Exercise directions -> From the first line to the last, retype everything below exactly, minus the pictures.

Task inputs ->
+ + +

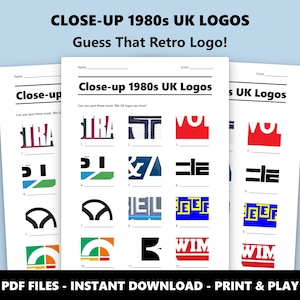 Quiz fotografico sui loghi britannici degli anni '80: gioco a quiz retrò (download in PDF) immagine 1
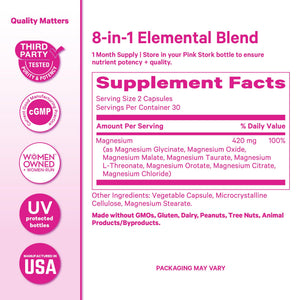 Pink Stork Magnesium Complex for Women - 8 Forms Including Glycinate, Malate, Citrate & L-Threonate - Stress, Sleep, Muscle & Hormone Support - 400 mg Elemental Magnesium - 60 Vegan Capsules Pink Stork buy supplements Au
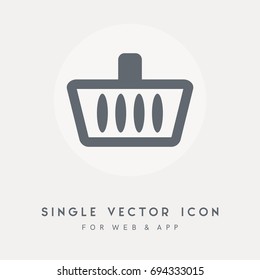 Buy, retail, basket, market, store and sale vector icon. Use for web site or app. Single pictograph vector graphic.
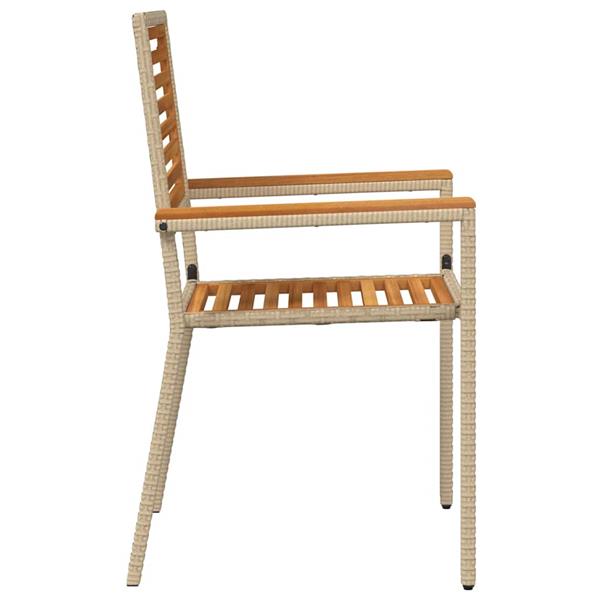 Grote foto vidaxl tuinstoelen 4 pcs cr me bruin pe riet massief acaciahout tuin en terras tuinmeubelen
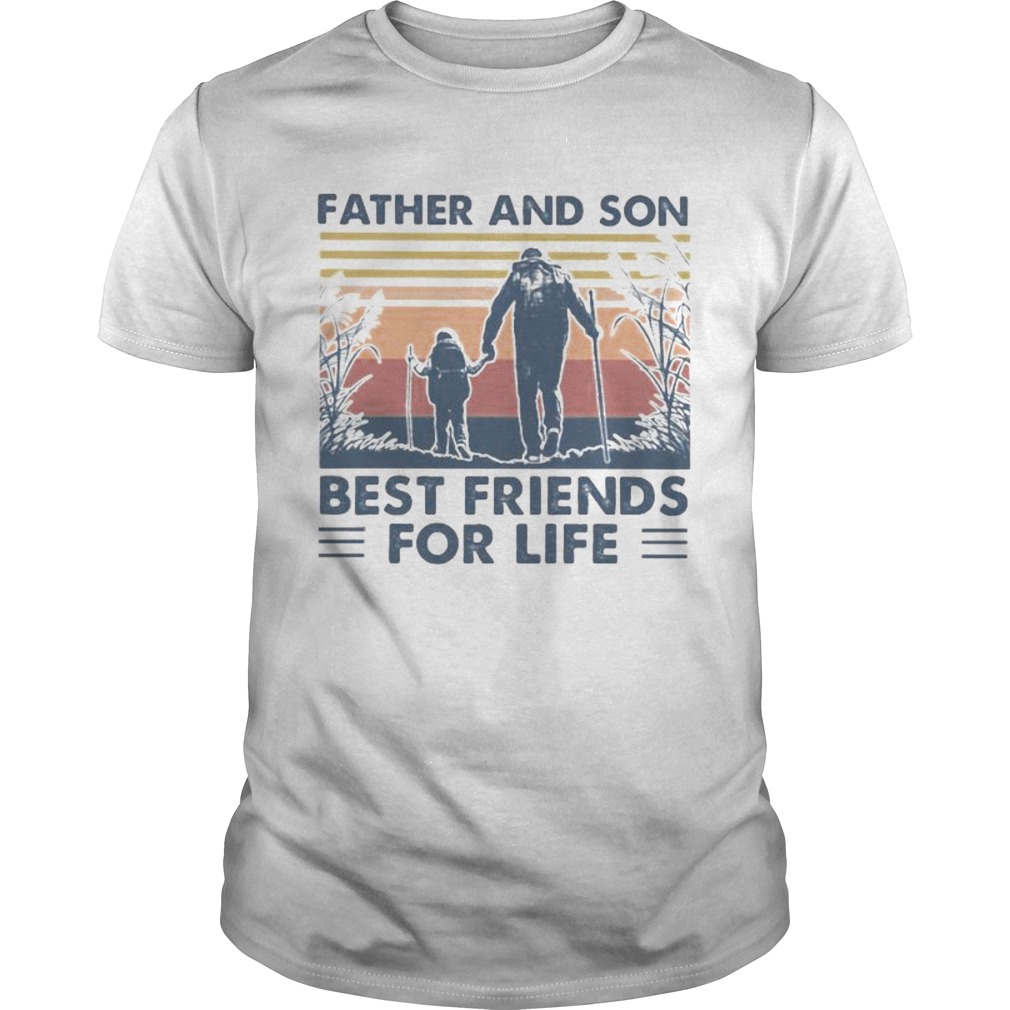 Hiking Father and son best friends for life vintage retro shirt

+ + +

Final answer ->
 Quiz fotografico sui loghi britannici degli anni '80: gioco a quiz retrò (download in PDF) immagine 1
 Pink Stork Magnesium Complex for Women - 8 Forms Including Glycinate, Malate, Citrate & L-Threonate - Stress, Sleep, Muscle & Hormone Support - 400 mg Elemental Magnesium - 60 Vegan Capsules Pink Stork buy supplements Au
 Buy, retail, basket, market, store and sale vector icon. Use for web site or app. Single pictograph vector graphic.
 Grote foto vidaxl tuinstoelen 4 pcs cr me bruin pe riet massief acaciahout tuin en terras tuinmeubelen
 Hiking Father and son best friends for life vintage retro shirt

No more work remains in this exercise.